- Exercise materials -
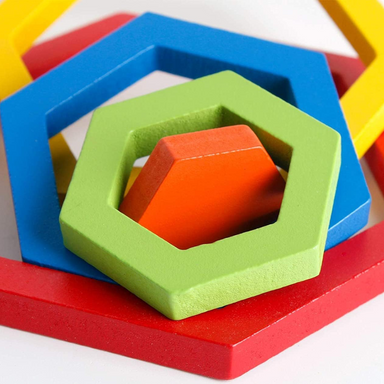 FormaSmart Houten Vormenpuzzel voor Peuters - Educatief Montessori Speelgoed voor Fijne Motoriek & Logisch Denken More For Mini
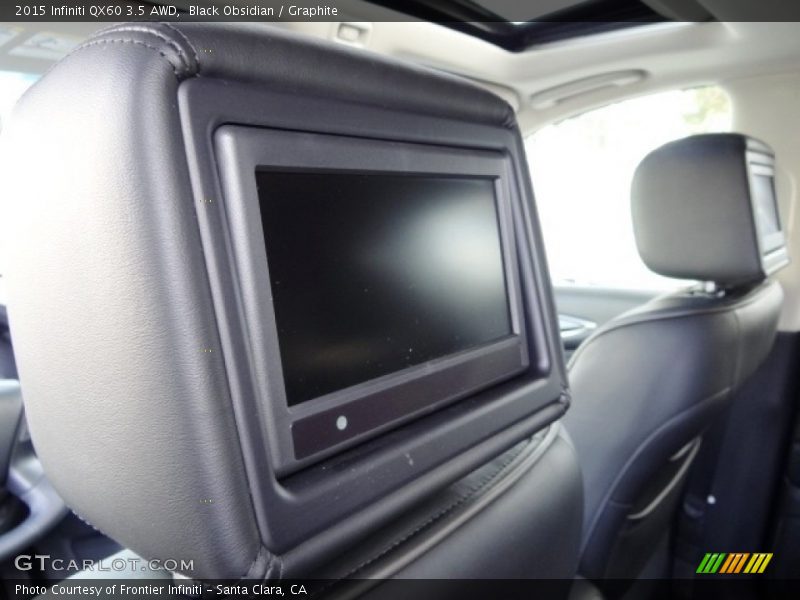 Black Obsidian / Graphite 2015 Infiniti QX60 3.5 AWD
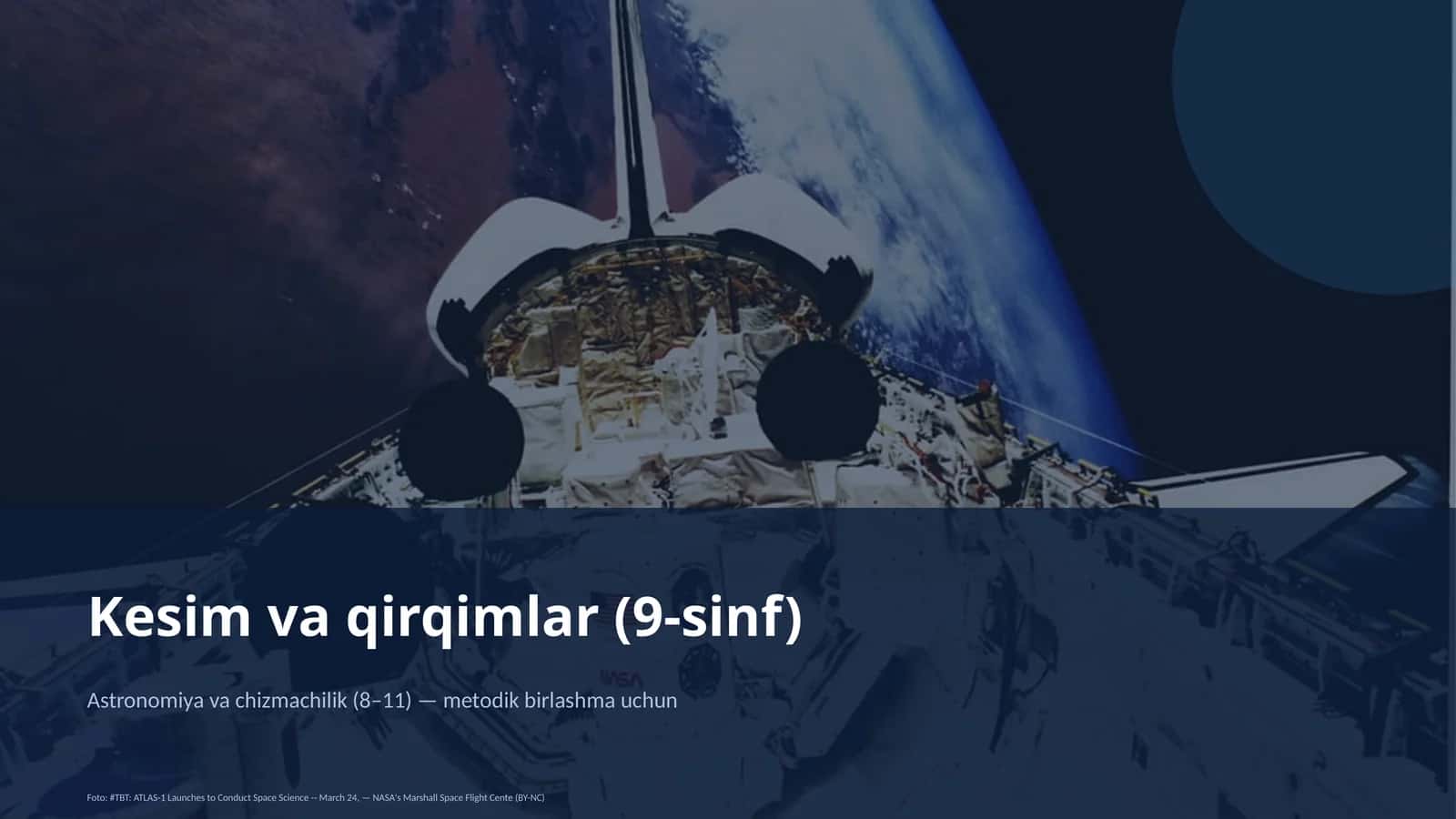 Kesim va qirqimlar (9-sinf) 1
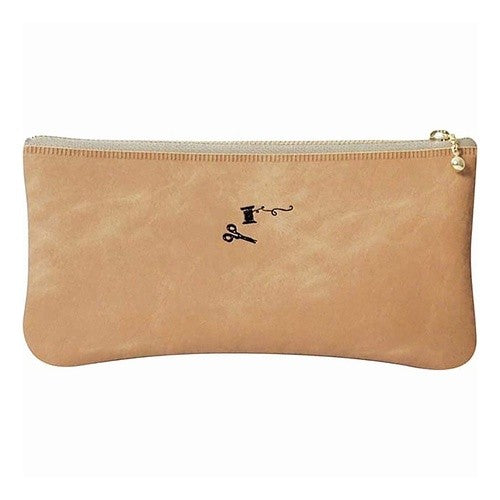 ＃PVCフラットペンケース　Point Hedgehog Camel : エルコミューン : PVC flat pencil case Point Hedgehog Camel : 4589954872100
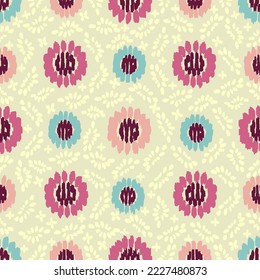 Seamless abstract pattern with floral ornament
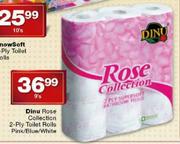 Dinu Rose Collection 2-Ply Toilet Rolls-9's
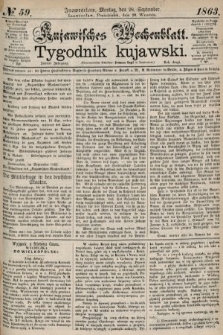 Kujawisches Wochenblatt = Tygodnik Kujawski. 1863, no. 59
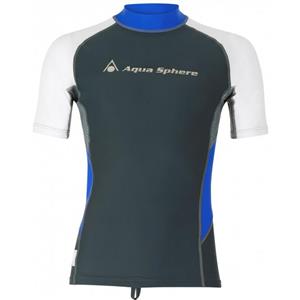 تی شرت ورزشی آکوا اسفیر مدل Blaze ضد UV Aqua Sphere Blaze Dark Grey Blue Rashguard Anti UV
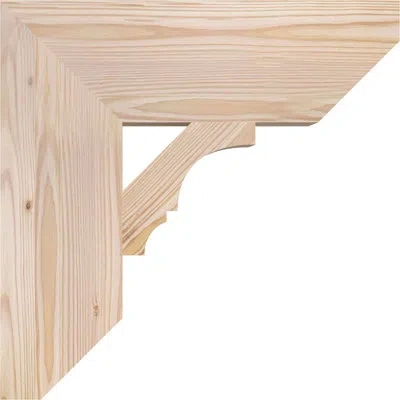 Ekena Millwork H 6'' W X 40'' D Wood Bracket/corbel In Douglas Fir
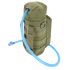The Condor H2O Pouch - MultiCam features MOLLE webbing and a blue drinking tube, making it an ideal hydration pack for bushcraft or military use in tough outdoor conditions.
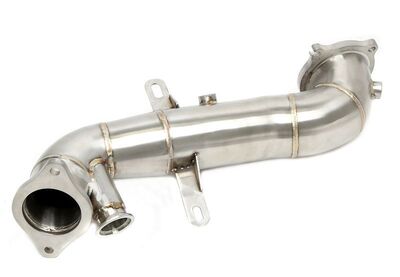 TUBE DE DESCENTE "DOWNPIPE" EN INOX POUR ALFA ROMEO GIULIA 2.0L TURBO / ALFA ROMEO STELVIO 2.0L TURBO Q4 (2017+)
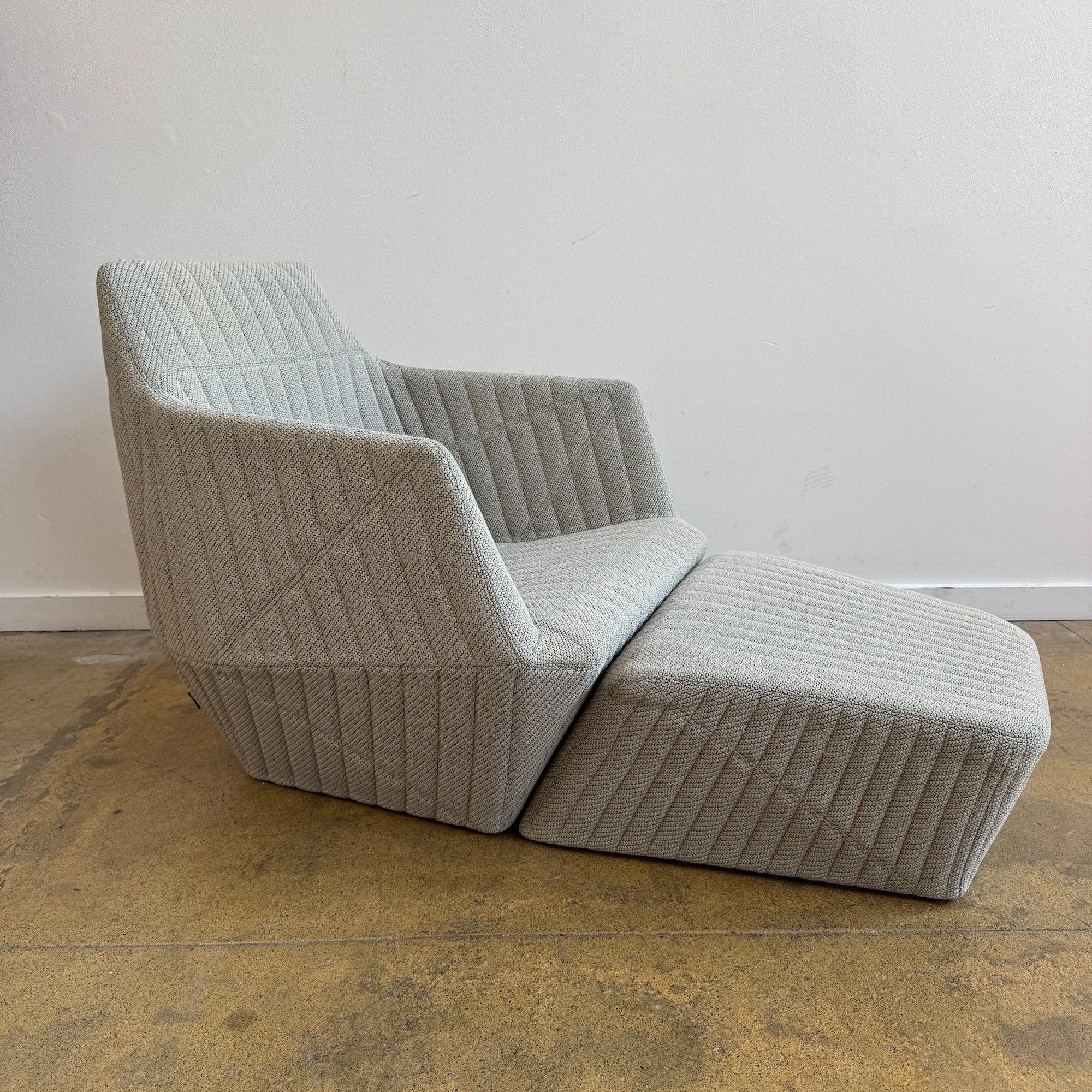 Ligne Roset Facett Armchair with Ottoman by Ronan & Erwan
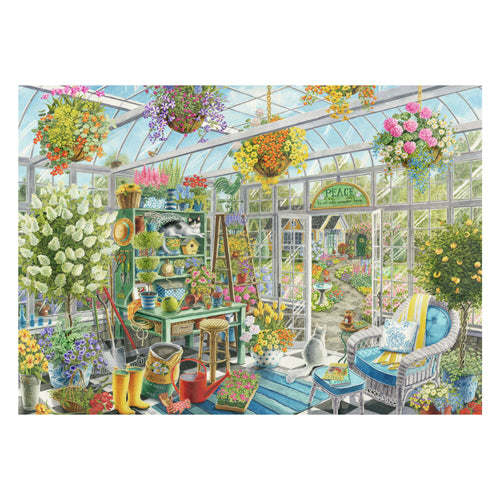 Ravvensburger puzzle fiorente giardino in fiore serra, 300st.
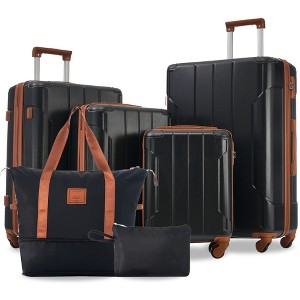 YONWAY Luggage Set 5 Piece Expandable Lightweight ABS Hardshell Suitcases with Wheels - 1 of 4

- Exercise aim -
Return the listing above unaltered, omitting its pictures.

- Answer to the problem -
 FormaSmart Houten Vormenpuzzel voor Peuters - Educatief Montessori Speelgoed voor Fijne Motoriek & Logisch Denken More For Mini
 Black Obsidian / Graphite 2015 Infiniti QX60 3.5 AWD
 Kesim va qirqimlar (9-sinf) 1
 ＃PVCフラットペンケース　Point Hedgehog Camel : エルコミューン : PVC flat pencil case Point Hedgehog Camel : 4589954872100
 Seamless abstract pattern with floral ornament
 Dinu Rose Collection 2-Ply Toilet Rolls-9's
 Kujawisches Wochenblatt = Tygodnik Kujawski. 1863, no. 59
 تی شرت ورزشی آکوا اسفیر مدل Blaze ضد UV Aqua Sphere Blaze Dark Grey Blue Rashguard Anti UV
 Ekena Millwork H 6'' W X 40'' D Wood Bracket/corbel In Douglas Fir
The Condor H2O Pouch - MultiCam features MOLLE webbing and a blue drinking tube, making it an ideal hydration pack for bushcraft or military use in tough outdoor conditions.
 TUBE DE DESCENTE "DOWNPIPE" EN INOX POUR ALFA ROMEO GIULIA 2.0L TURBO / ALFA ROMEO STELVIO 2.0L TURBO Q4 (2017+)
 Ligne Roset Facett Armchair with Ottoman by Ronan & Erwan
 Ravvensburger puzzle fiorente giardino in fiore serra, 300st.
 YONWAY Luggage Set 5 Piece Expandable Lightweight ABS Hardshell Suitcases with Wheels - 1 of 4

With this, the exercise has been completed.